One persistent critique of NCLB, often pooh-poohed on Eduwonk, is that by focusing on what percentage of kids meets grade level standards, it overlooks “growth” — how much progress schools and kids are making. Critics ask: isn’t that what schools should be held accountable for anyway? States have begun proposing revised AYP models that take growth into account, so this theoretical debate has become real for the Dept. of Ed. Hence the creation of an advisory group on the topic which just completed its first meeting.

Opponents of using growth measures to hold schools accountable worry they’re a backdoor way of lowering standards. We want all kids to meet grade level standards, right? “Growth” doesn’t mean much unless it results in proficiency, so why not stick to proficiency as our core accountability focus? Aren’t we just lowering the bar if we do anything else?

Not necessarily. There are lots of ways growth measures could be used to raise the bar. Here’s one: rating schools solely on percent proficient doesn’t hold them accountable for adding value to kids who are already proficient.
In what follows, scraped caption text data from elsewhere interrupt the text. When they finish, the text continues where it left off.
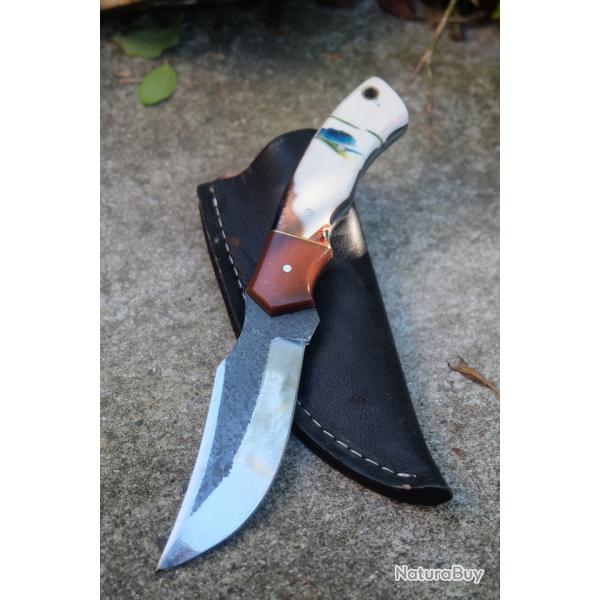 Couteau Skinner de Chasse Bushcraft Lame Acier Carbone 1075 Manche Rsine Etui Cuir Fabr Artisanale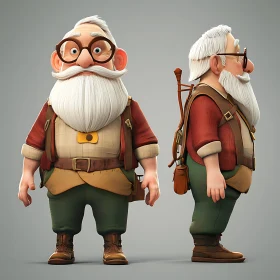 Stylized Cartoon Hiker Character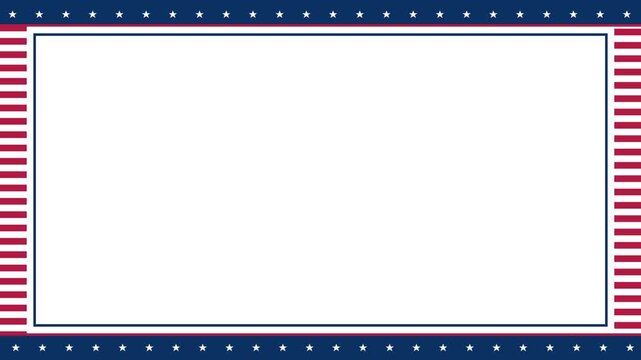 Animated USA Patriotic Frame with Top Bottom Stars and Left Right Stripes
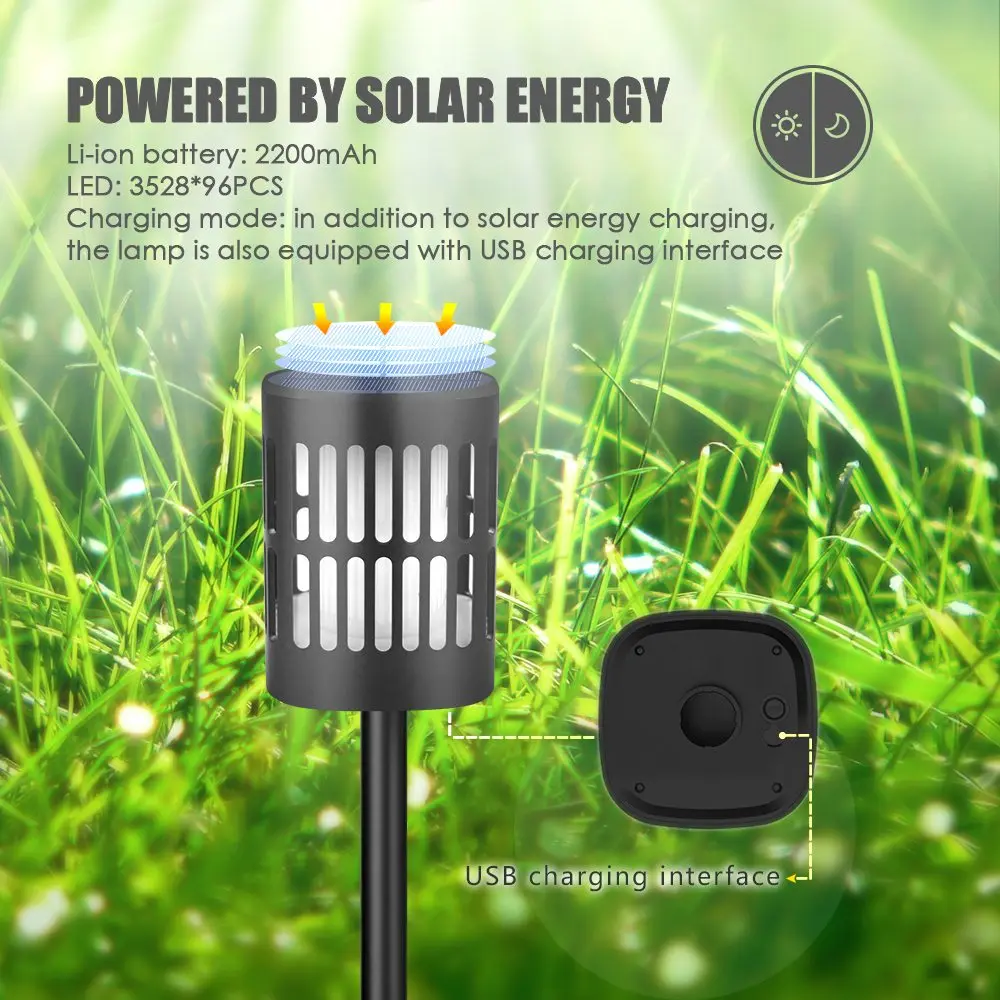 Chama da Tocha à Prova Solares do Jardim Lâmpada para a Paisagem do Gramado Led Chama Bruxuleante d' Água Luz Solar Luzes Levou Energia Caminho 1 - 2 4pcs 96 6 Lâmpadas solares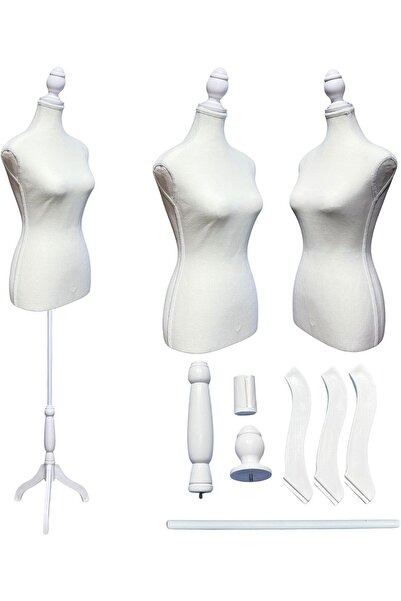 Silly fish مانيكان خياطة نسائي قابل للتعديل مع جذع من الفوم وحامل ثلاثي القوا...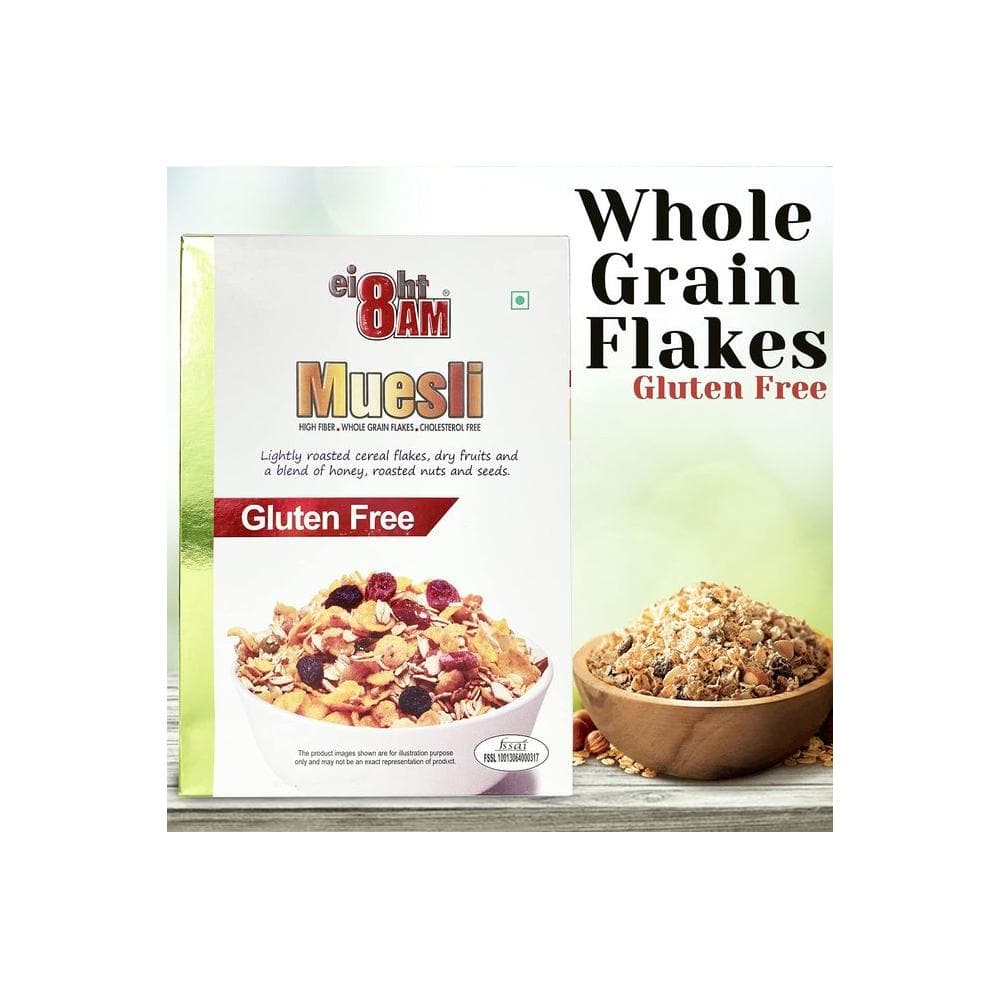 8AM Muesli Gluten Free Dry Fruits and a Blend of Honey Roasted Nuts and Seeds - Whlsome - Breakfast Foods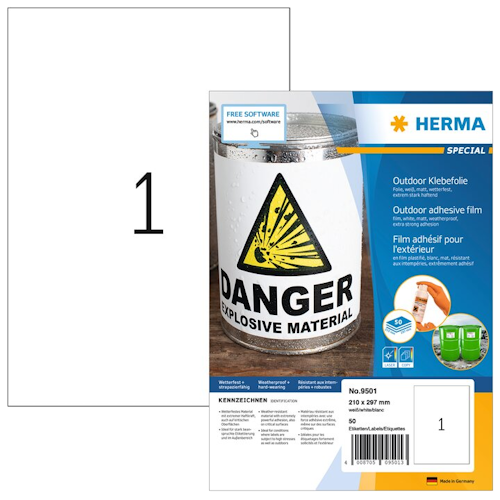 Packung mit Outdoor-Klebefolie von Herma, zeigt ein Warnsymbol für explosive Materialien. Enthält Informationen zur Anwendung und Größe.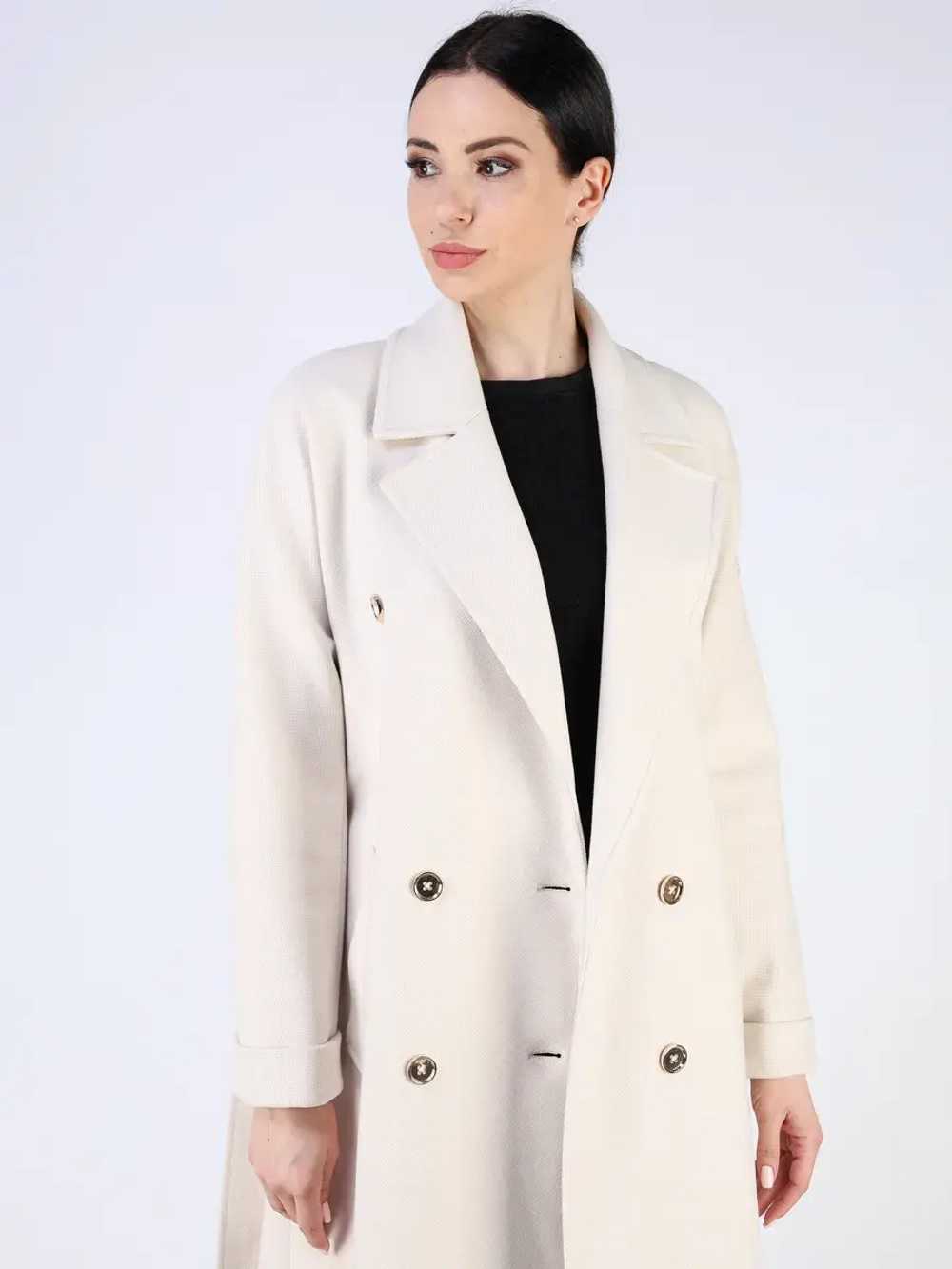 Пальто демисезонное длинное с поясом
When we think kids like this, we tend to think of the privileged. But the truth is there are millions of children from poor and middle-income families who fit this bill. We also tend to think “these kids will do fine regardless,” a proposition that has repeatedly been proven false. And we tend to think that helping these kids advance is less important than bringing others up to standard. But for these kids, especially the low-income ones, advancing beyond grade level standards is their best ticket to a better life via college and higher paying work. Not to mention how our national economy relies increasingly on knowledge workers whose skills exceed the basics.

For all these reasons, we ought to build accountability systems that demand results for already-proficient kids — and some kind of growth measure is probably the way to do it. That’s raising the bar for schools and kids, not lowering it.